→ **Your instructions**
Take the material below and extract the lines from the one with "KNIT & CROSS" through the one with "Tiger head pin", word for word, without pictures.

● ● ●

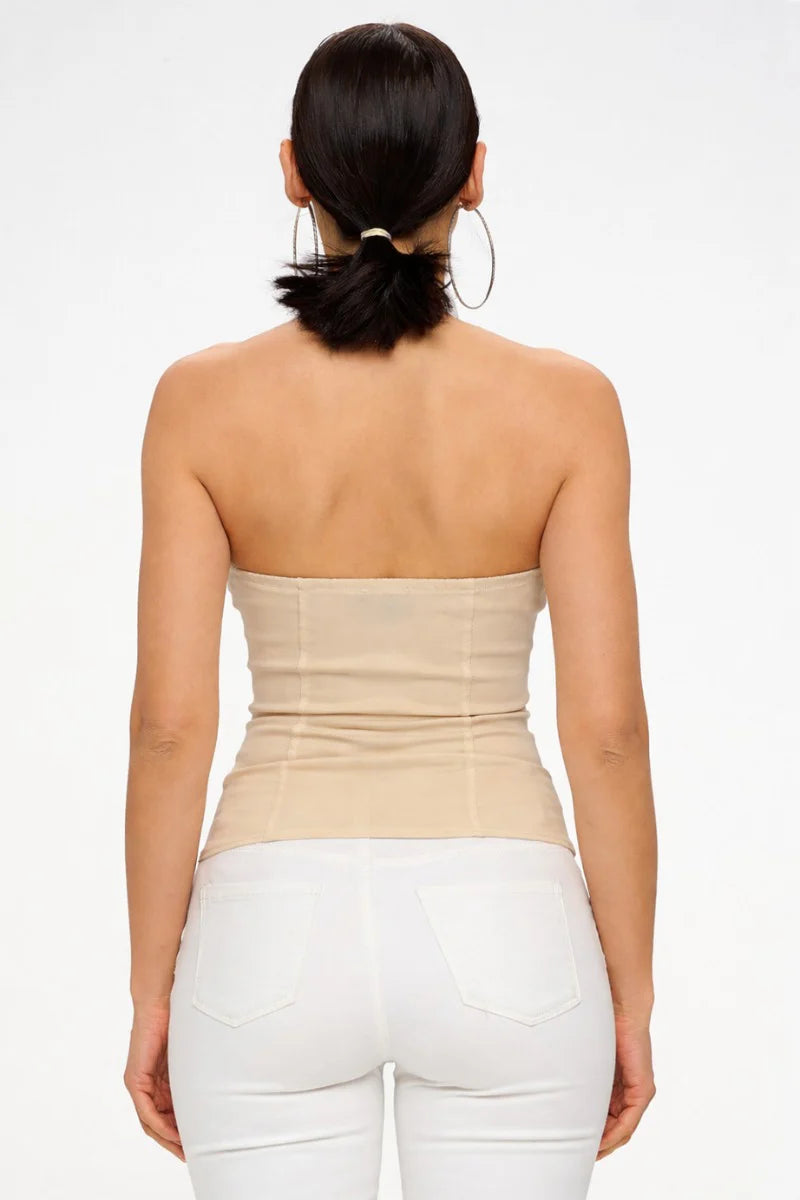 Studded Moto Halter Corset Top – Biker Glam Zip Front Vest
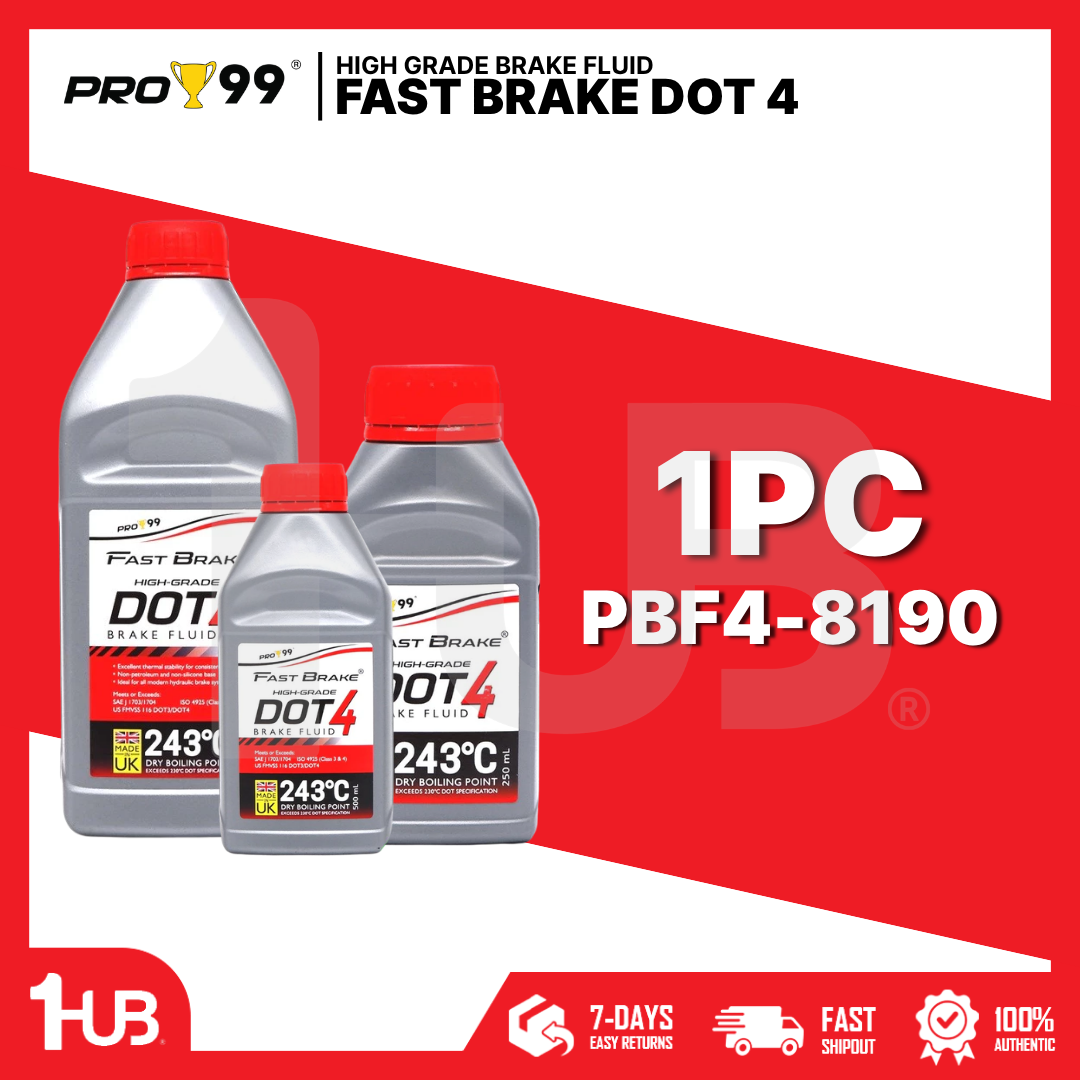 PRO99 BRAKE FLUID FASTBRAKE HIGH GRADE DOT 4 FOR CAR AND MOTORCYCLE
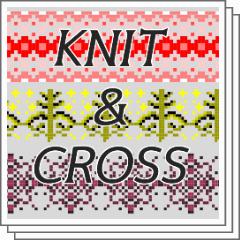 KNIT & CROSS embroidery. - CLIP STUDIO ASSETS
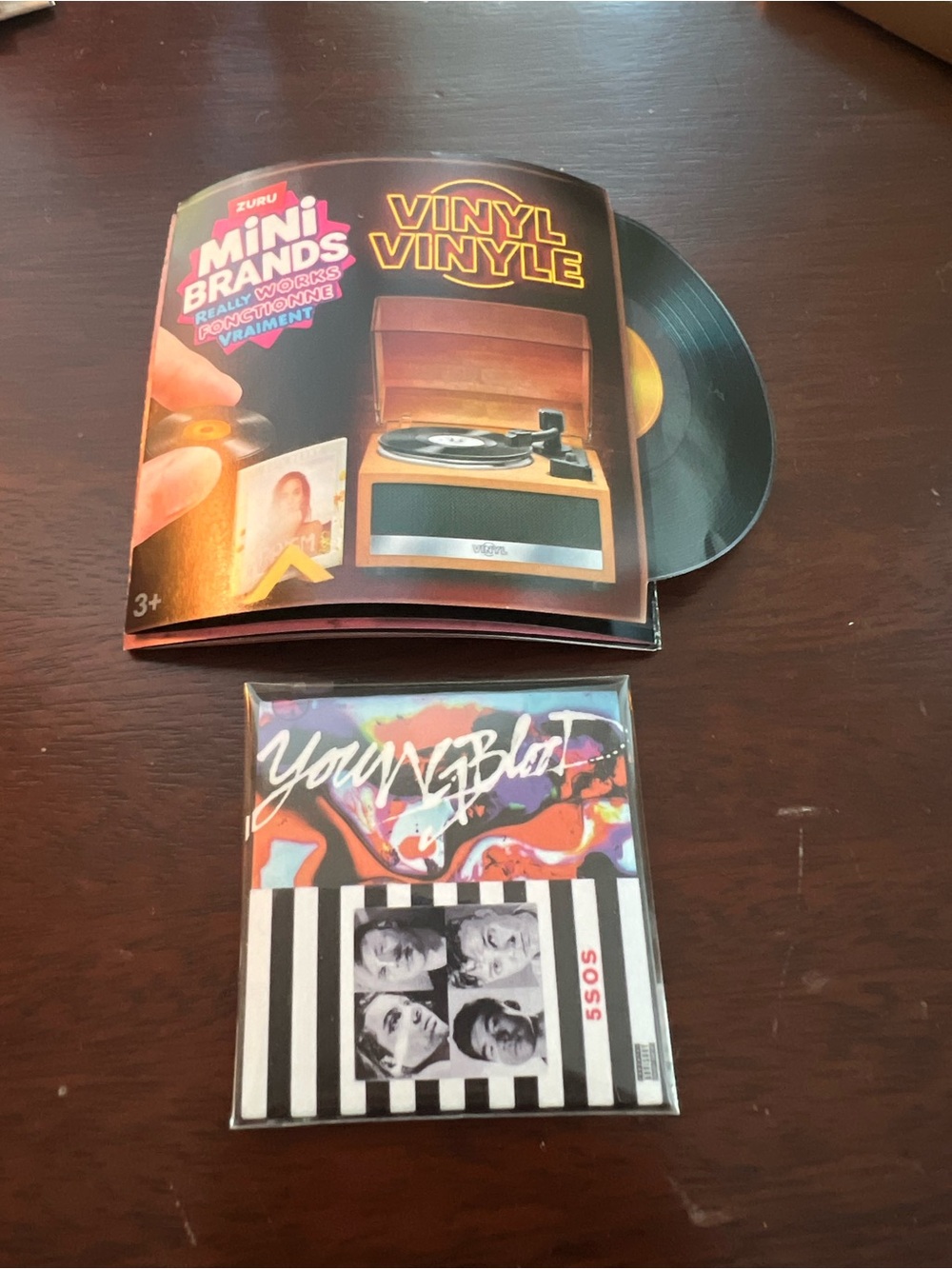 Zuru  Mini Brands Vinyl LP - Young Blood - 5 Seconds of Summer.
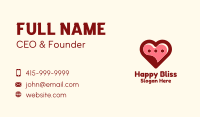 Lovely Heart Message Bubble Business Card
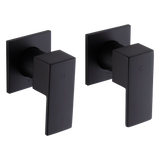 Bathroom Shower Bath Hot and Cold Square Mixer WATERMARK Certified in Black - Extra Image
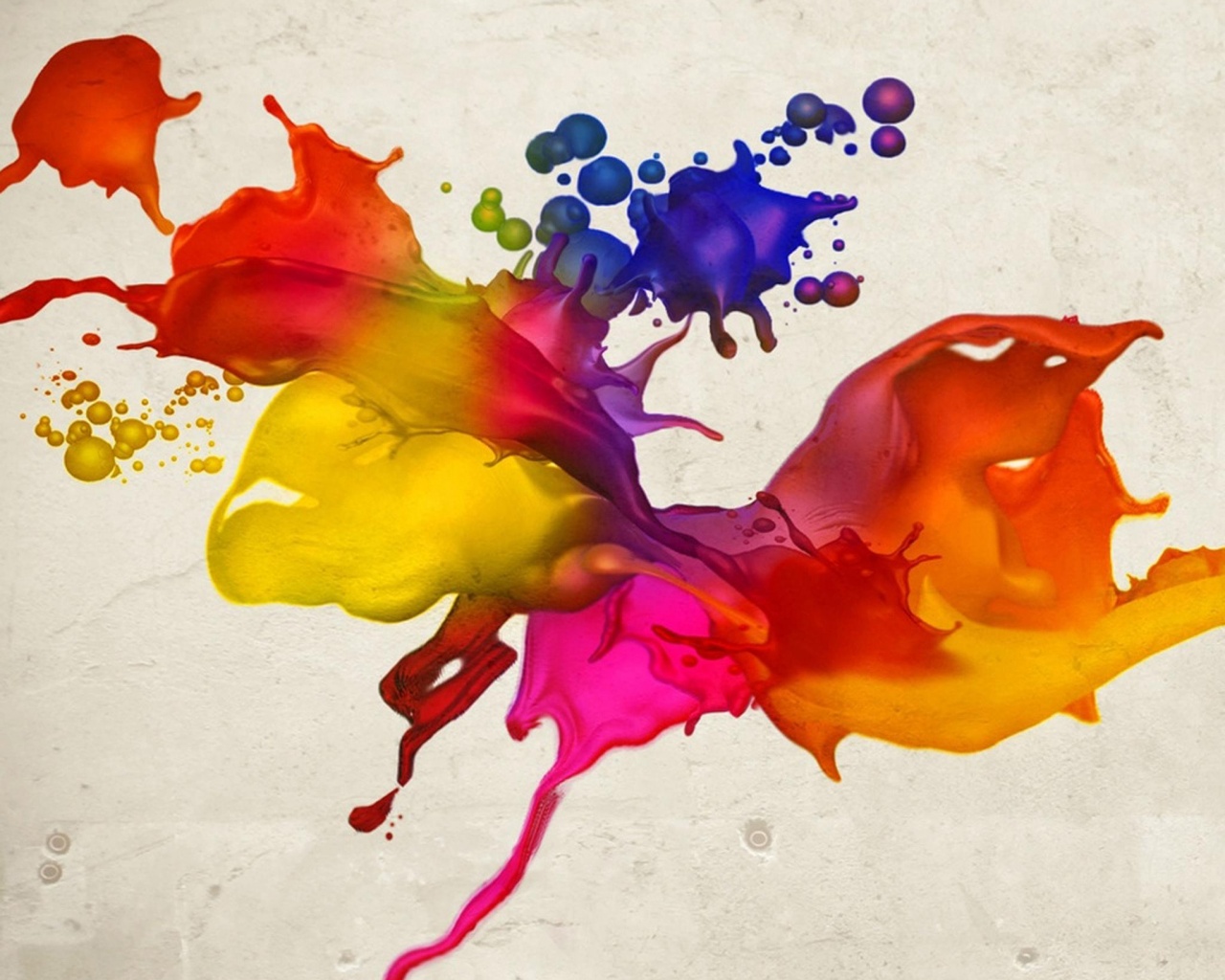 Брызги краски обои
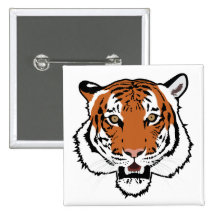 Tiger head pin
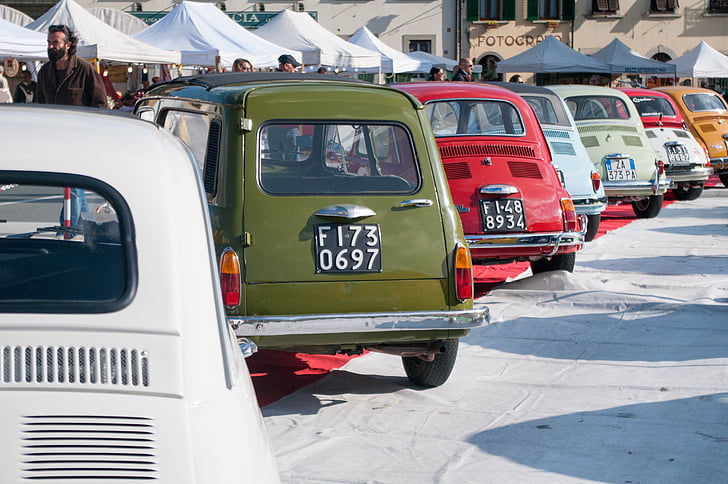 Fiat, 500, vintage, Barberino, bil, Classic, jord køretøj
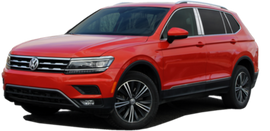 QAA PP18654 Polished Pillar Post Trim 12Pc Fits 18-23 Tiguan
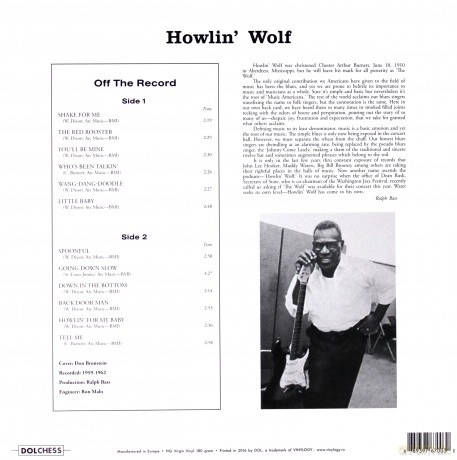 Howlin' Wolf: Howlin' Wolf [Winyl]
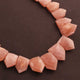 1 Strand Peach Moonstone Fancy Beads Briolettes - Fancy Shape Beads 15mmX10mm-19mmx13mm 10 Inch BR255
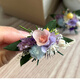 永生花戒指diy材料包森系婚禮高級(jí)手工禮物漢服配飾情侶對(duì)戒指環(huán) 紫誓今生-女款1枚 DIY材料包+盒 均碼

● ● ●

→ **Problem solution**
 KNIT & CROSS embroidery. - CLIP STUDIO ASSETS
 Zuru  Mini Brands Vinyl LP - Young Blood - 5 Seconds of Summer.
 Lovely Heart Message Bubble Business Card
 Bathroom Shower Bath Hot and Cold Square Mixer WATERMARK Certified in Black - Extra Image
 Брызги краски обои
 Tiger head pin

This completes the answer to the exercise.